The video game market crashed almost completely in 1984 because it was flooded with too many copies of poor-quality games that nobody wanted. It may crash again for a completely opposite reason: there are tons of fantastic games, "sleeper" titles without a big marketing push behind them, but nobody ever buys them, because you can't impulse-shop based on a store's future inventory. Catering only to the hardcore gamer is a bad move because it completely neglects the income that really adds up when a parent buys a game that "looks cute" for their kid, or when somebody who likes only one genre of game casually buys a game because the box makes it look like a particularily cool or fun interpretation of that genre. Most gamers tend to buy the newest games, beat them in a week, and then trade them back for another new game; those used copies are then snatched up quickly by people without so much disposable cash, and by people like me who collect them. This leaves little time for casual gamers to notice the game and buy it. The frenzy over preordering scares off such customers and adds an unneccesary hurdle keeping games from going truly mainstream.

END 'PREORDERING' RANT

So yeah, I bought Worms3D for Gamecube. It was buried in a box of new stuff that the store was unpacking at that moment and the employee happened to then say, "hey, Worms" at which point I pounced. ("Somebody was asking about this the other day," said the employee. "That was me," I said from behind the glass case of Super Nintendo games.) The sole reason that game was in that box in the first place is, I believe, because I had gone on a shorter version of the rant about how stupid it is that I couldn't buy a game that had been released just because I didn't tell the store ahead of time that I was going to. I was told that preordering indicates a demand for the title. "I'm the demand," I had said, gesturing to my wallet. Anyway, the point (heh) is that I bought the game on priciple even though I probably shouldn't have spent the money mostly to reward the store for actually stocking it.

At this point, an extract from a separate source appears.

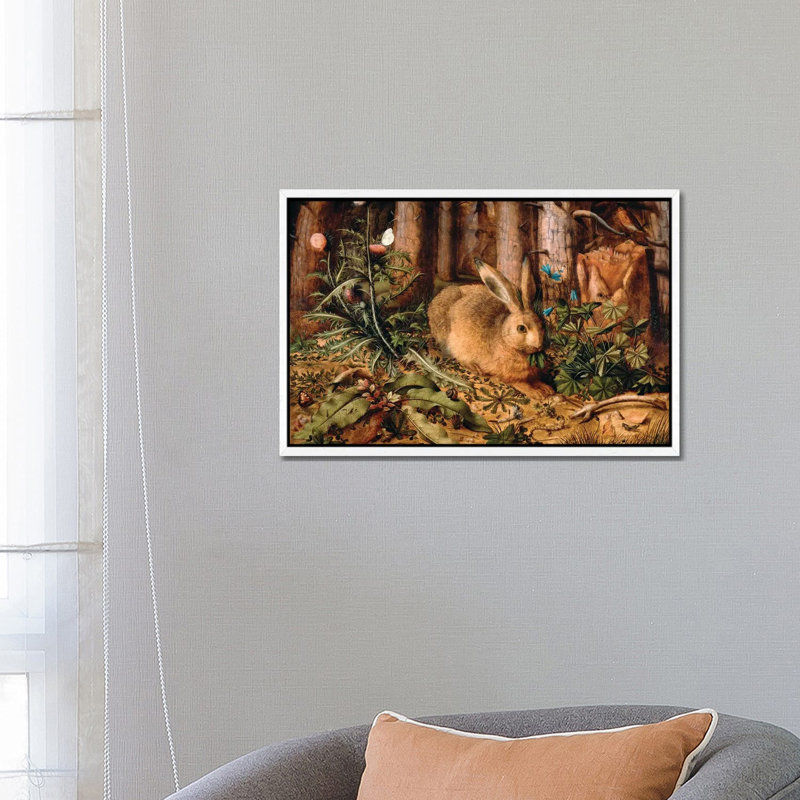 A Hare In The Forest, C. 1585 by Hans Hoffmann - Painting on Canvas, White Framed, 45.72cm H x 66.04cm W x 3.81cm D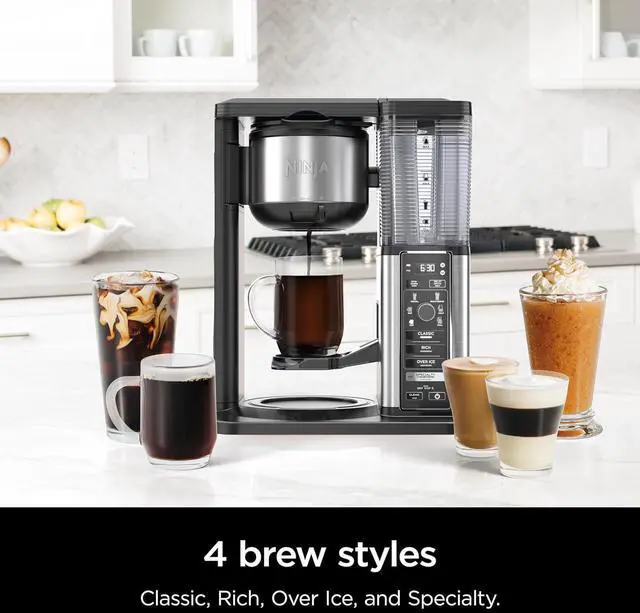 Alt view image 4 of 7 - Ninja Specialty Coffee Maker, Hot & Iced Coffee, 6 Brew Styles, 8 Sizes, Small Cup to Travel Mug, 10-Cup Carafe, Fold-Away Frother, Permanent Filter, Removable Reservoir, Black, CM401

I'll probably write about it in more detail another time (lucky you!) because I'm still getting the hang of it, but Worms3D is great. It's really a bargain at the $30 suggested retail price, especially if you've played Worms in any of its 2D forms. It's remarkably faithful to the almost flawless Worms gameplay; it just adds another entire dimension, making for more hilarious turn-based blunders involving exploding sheep and bananas and such. Well done, Team 17.

Hrm. Maybe I should start up another diary-- I mean, "blog"-- about games, just so I won't have to waste so much space on them here, huge part of my life though they may be. Perhaps I'll make that a part of my future website, which I do still plan to get up and running. Really. Maybe I can set aside some of my next check for domain registration and spare those of you without interest from my self-indulgent video game rants.